In your copy, leave out the pictures; write out all the data exactly.

= COLLECTED DATA =

_ _ _ _ _ _ _

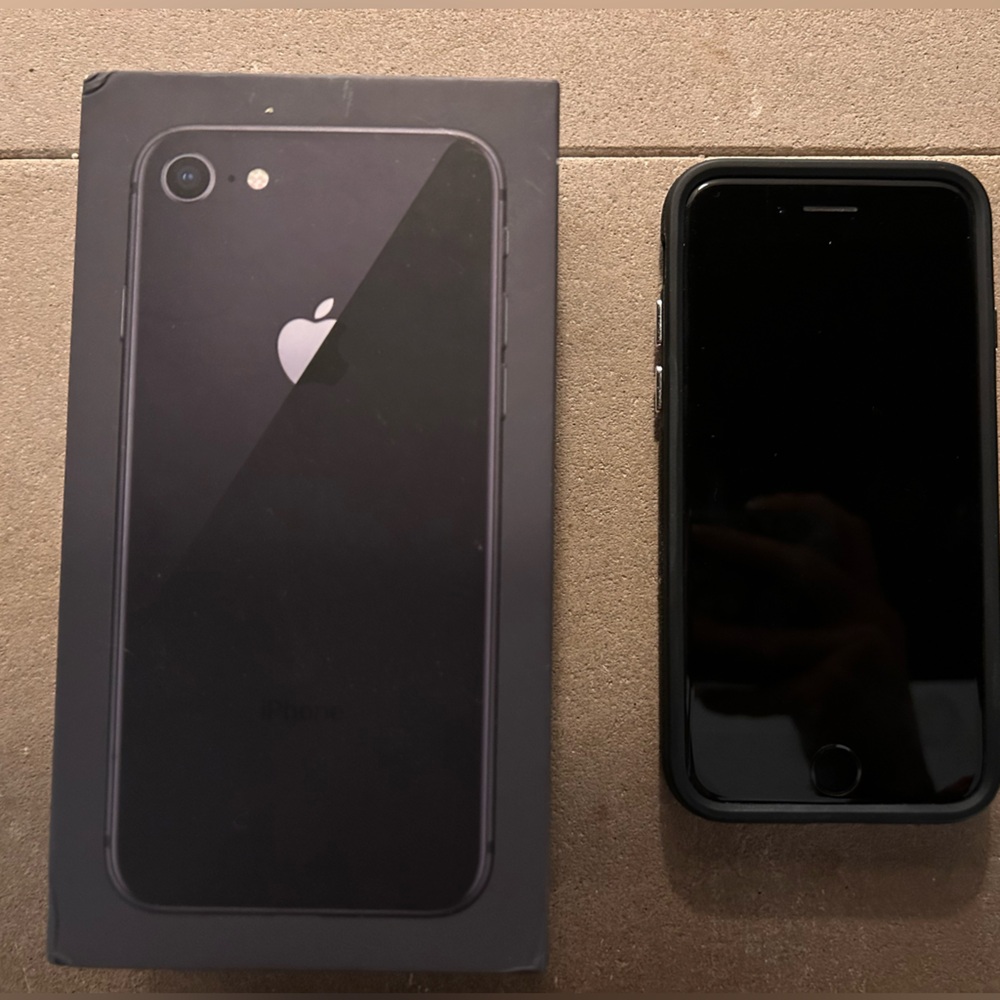 IPHONE 8 BLACK 64GB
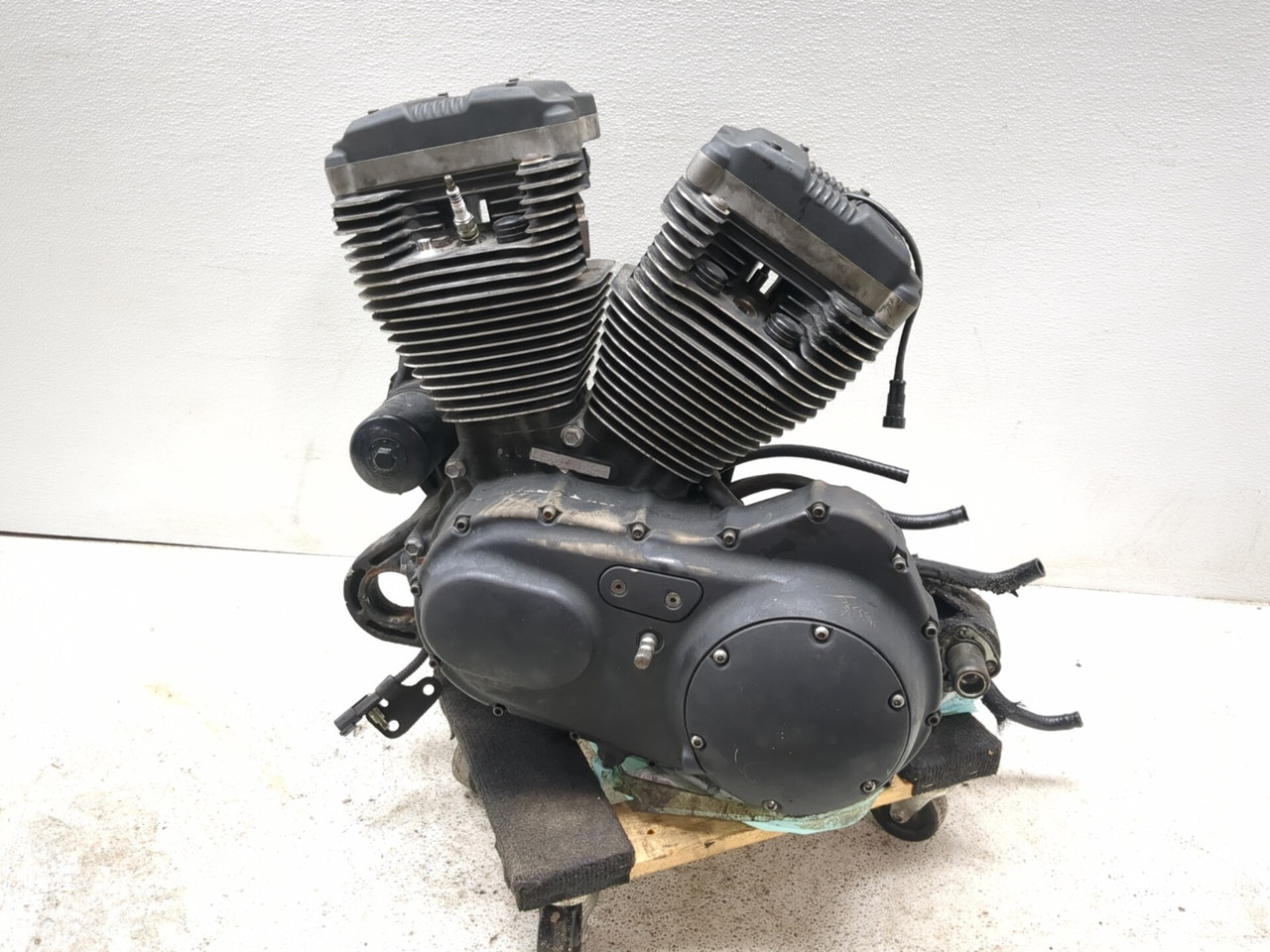 09-13 Harley Davidson Sportster Iron XL883N 883cc Engine Motor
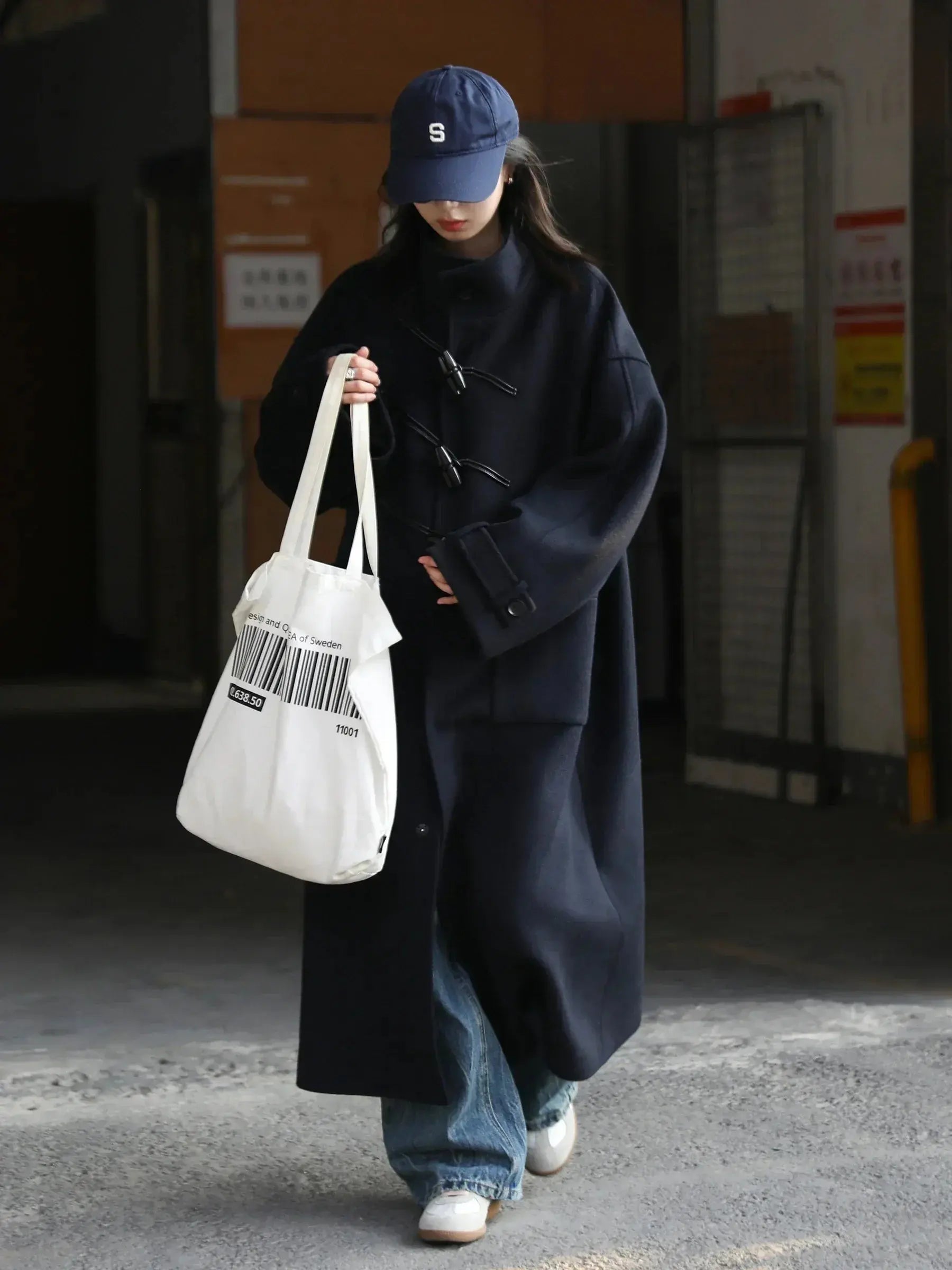 Women's Retro Wool Overcoat: Loose Fit Korean Winter Style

_ _ _ _ _ _ _

= REPLY =
 IPHONE 8 BLACK 64GB
 09-13 Harley Davidson Sportster Iron XL883N 883cc Engine Motor
 Women's Retro Wool Overcoat: Loose Fit Korean Winter Style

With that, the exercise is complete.